Menschen aus einem Kölner Stadtteil zeigen Gesicht. Ein Porträtfoto im Instagramstil, dazu eine kurze Geschichte über das eigene Leben im Viertel, dann Hashtags, darunter auch der der Kirchengemeinde.
Wer sich auf Instagram dem Stadtviertel über Hashtags nähert, findet interessante Menschen aus der Nachbarschaft, die eine Geschichte erzählen und sich im Viertel und der Kirchengemeinde engagieren. Die Kölner Philippus-Gemeinde zeigt so Präsenz auf Instagram und lädt ganz niederschwellig ein. Für dieses Instagram-Projekt wurde sie mit dem Medienpreis der Evangelischen Kirche im Rheinland ausgezeichnet. Aber nicht nur über soziale Netzwerke lädt die Philippus-Gemeinde ein, auch ihr Gemeindeleben ist einladend gestaltet, auf der Website wird ein Welcome-Gottesdienst angeboten. Auch wer bisher noch nicht dazugehört, ist willkommen. Für verschiedene soziale Netzwerke lässt sich die jeweilige Zielgruppe gut beschreiben, das Instagram-Projekt nimmt die Zielgruppe junger Menschen besonders in Blick, korrespondiert aber zur Haltung der Gemeinde.
Die St Andrew’s-Gemeinde im schottischen Bo’ness begann, ihre Gottesdienste im Internet zu streamen, so dass Menschen online sich das Gemeindeleben ansehen können, die den Zugang zur Kirche verloren haben. Gleichzeitig geht der Pfarrer ins örtliche Café und ist dort für Menschen ansprechbar. Die Gemeinde öffnet sich – digital und analog – für Menschen, die sie mit ihren klassischen Angeboten nicht mehr erreicht hat.
Zwei Beispiele, die zeigen: Gemeinden, die sich so digitalen Netzwerken zuwenden, öffnen sich auch in ihrem Gemeindeleben vor Ort. Die Präsenz in sozialen Netzwerken ist Ausdruck einer Haltung, sich aus den Kirchenmauern heraus zu bewegen und sich niederschwellig für neue Menschen zu öffnen.
Warum machen wir Social Media? Mag sein, weil wir den Druck verspüren, mit der Zeit gehen zu müssen. Oder wir sehen, wie die Webstatistik kontinuierlich nach unten zeigt und wir wollen den Verlust an Reichweite über Social Media kompensieren. Oder wir konnten nicht nein sagen, als jemand anbot, ehrenamtlich eine Facebook-Seite zu erstellen.
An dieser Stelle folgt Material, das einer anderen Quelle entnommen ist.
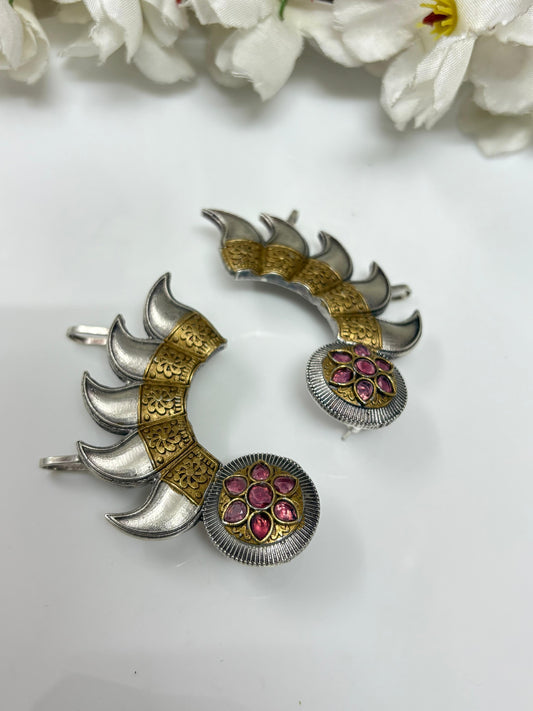 Antique Kundan Style Earrings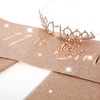 Abeillo 11th Birthday Sash and Tiara for Girls, Rose Gold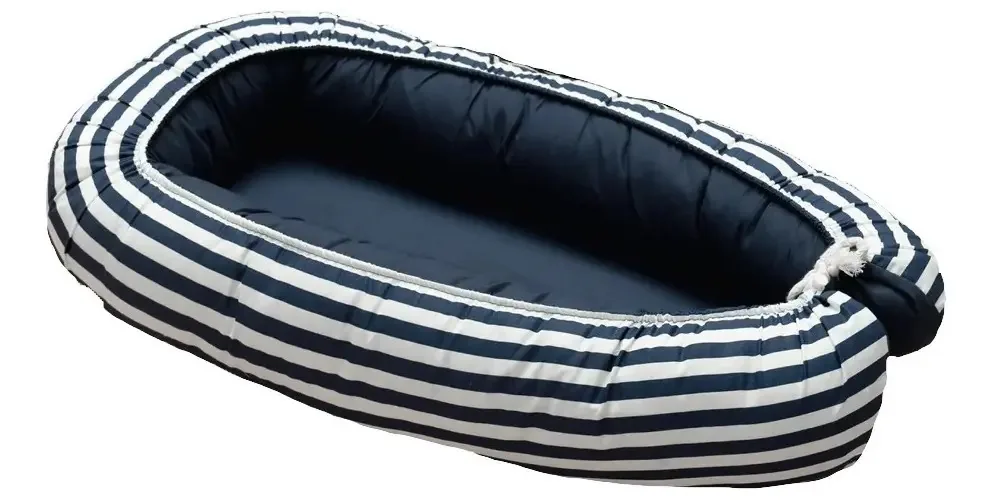 Cama de ninho de bebê portátil Baby Inc Blue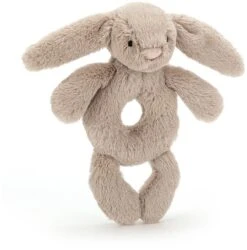 Jellycat Bashful Rassel Kaninchen Beige - 18 Cm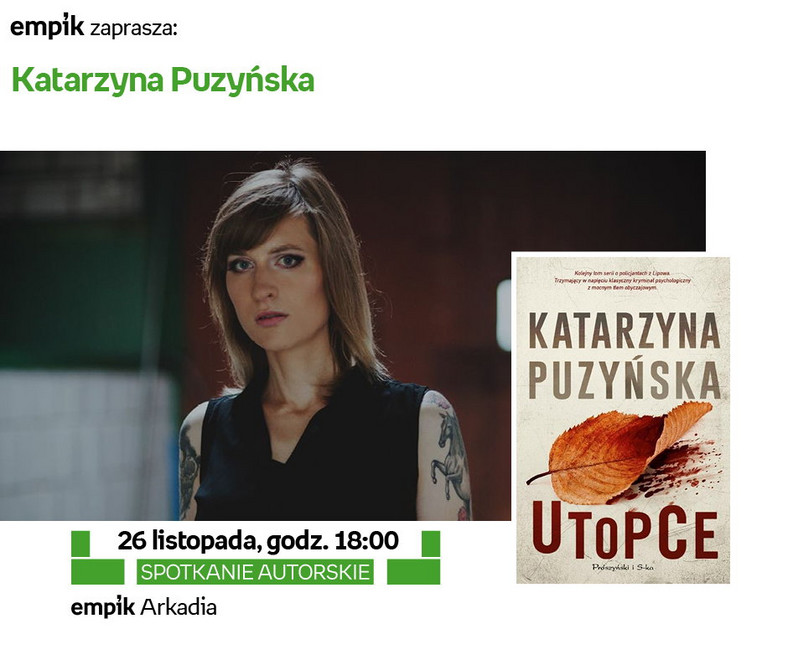 Autorka spotka się z czytelnikami w czwartek, 26 listopada, w Empiku w warszawskiej Arkadii.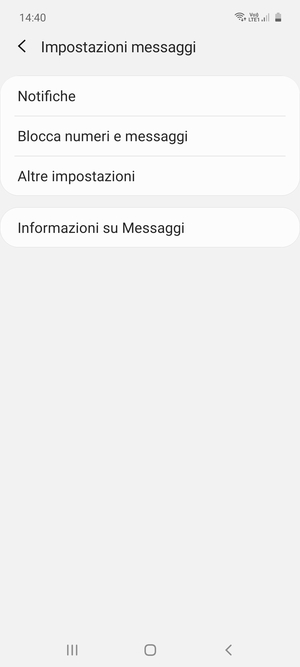 Seleziona Altre impostazioni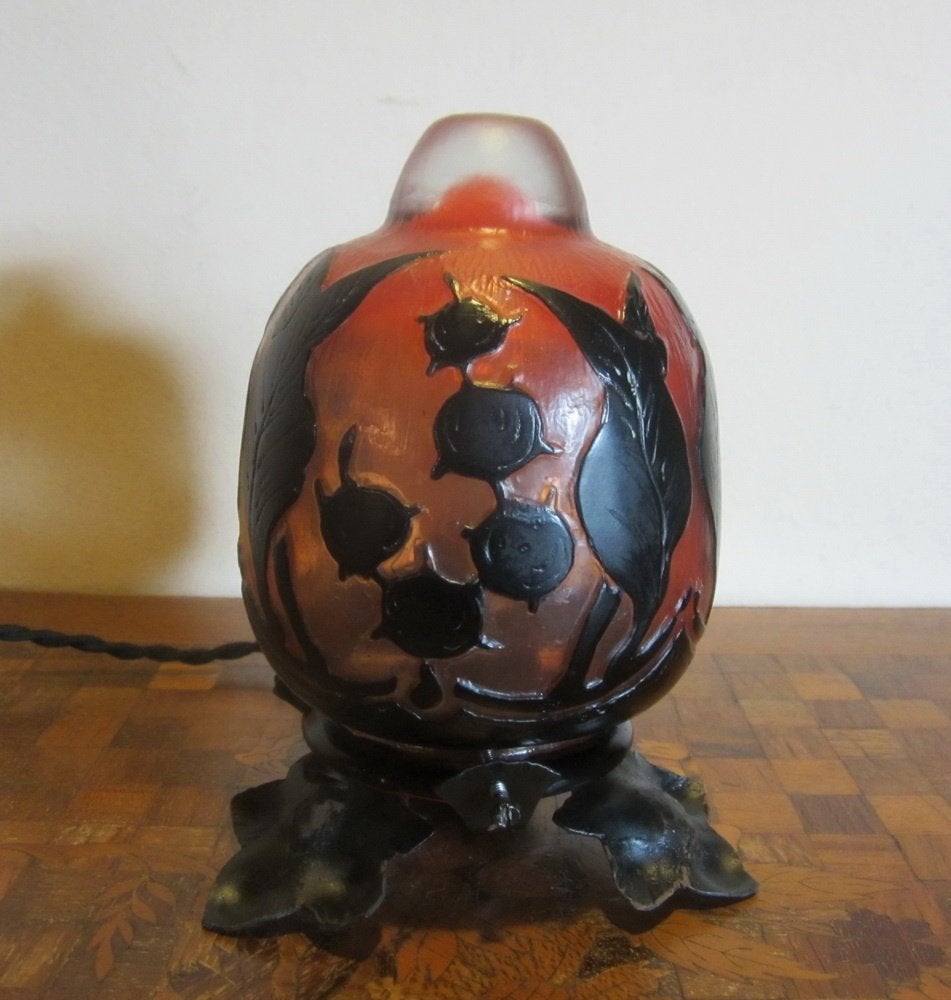 SCHNEIDER - Veilleuse Le Verre Français vers 1920, Envoi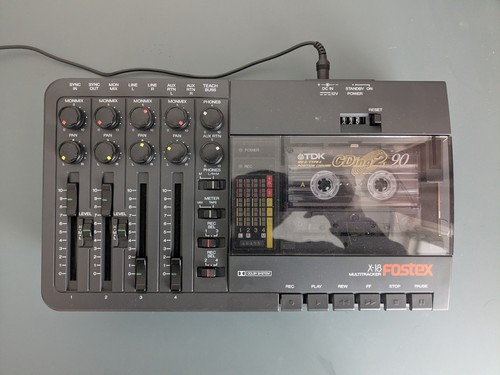 Fostex x18 multitrack cassette - fostex,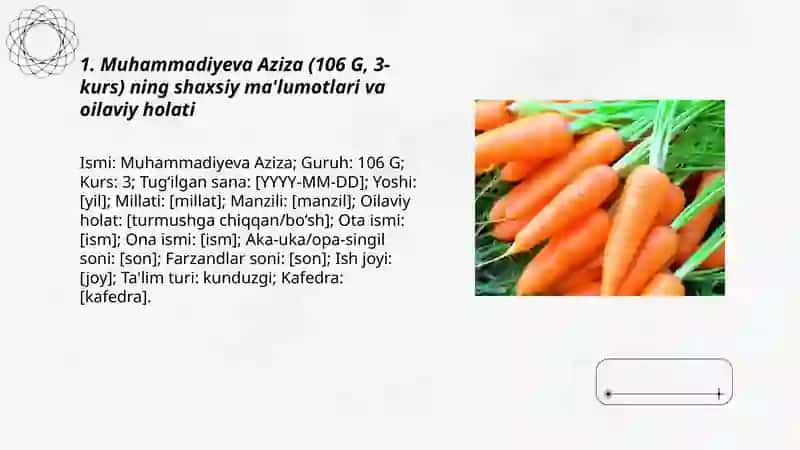 Muhammadiyeva Aziza 3
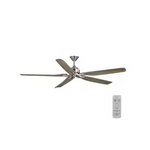 Ventilador de techo con aspas de madera para interior/exterior Hampton Bay Danetree de 72" con control remoto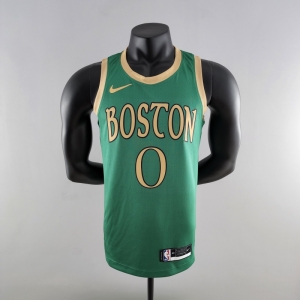 2020 Tatum #0 Boston Celtics City Edition Green NBA Jersey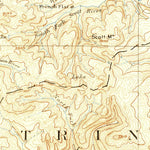 United States Geological Survey Weed E, CA (1886, 250000-Scale) digital map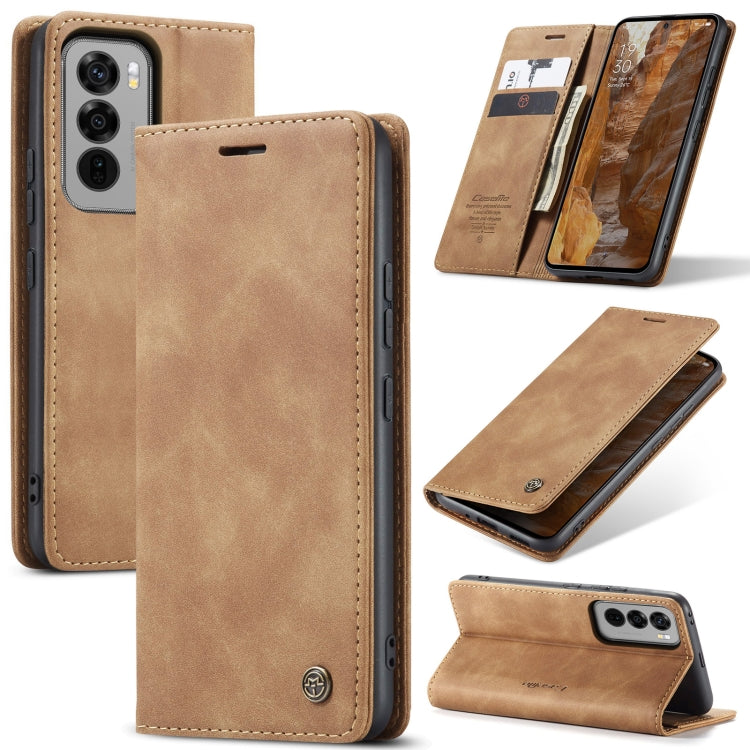 For OPPO Reno12 Pro 5G Global CaseMe 013 Multifunctional Horizontal Flip Leather Phone Case(Brown) - Reno12 Pro Cases by CaseMe | Online Shopping South Africa | PMC Jewellery | Buy Now Pay Later Mobicred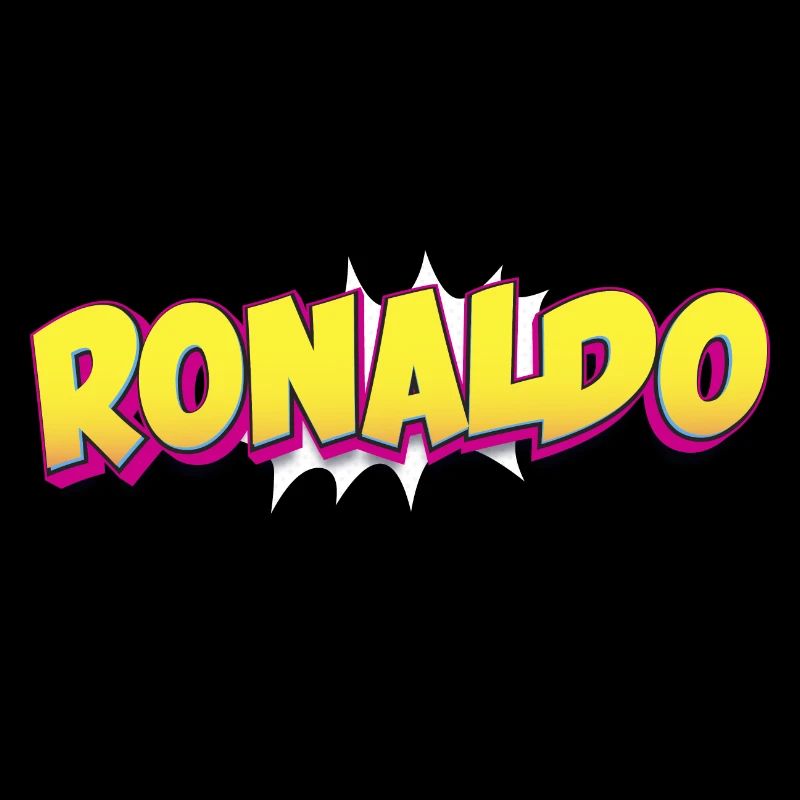 Ronald Benutzerdefinierter Name Comic-Buch-Stil Pop-Art,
Oder wir merken, wir erreichen die Konfis nur noch über WhatsApp und nicht per Mail. Social Media ist dann die Lösung für ein Problem oder eine weitere Aktivität im Gemeindeleben. Oder machen wir Social Media, um so neue Menschen zu erreichen?
Für jedes soziale Netzwerk kann man gut die Zielgruppe angeben, die man darüber ansprechen will. Mit Facebook erreicht man andere Menschen als über Instagram; über den Schaukasten und den Gemeindebrief erreicht man andere Menschen als über Social Media. Wieviel Ressourcen und Energie verwendet eine Gemeinde für die Schaukastengestaltung, für den Gemeindebrief, für die Präsenz auf Instagram, Facebook und YouTube? Es geht dabei nicht um die Medien und Kanäle, sondern um Zielgruppen: wen möchte die Gemeinde gezielt ansprechen? Dies sollte eine bewusste Leitungsentscheidung sein.
Die, die schon immer im Gottesdienst sind, erreicht man über die Kanzelabkündigung. Über Social Media kann man andere Milieus erreichen, aber die entscheidende Frage: wollen wir uns als Gemeinde auch öffnen? Oder verharren wir im Bekannten und machen Social Media nur, weil man es jetzt machen muss. Aber: mit Social Media geht mehr – wollen wir es?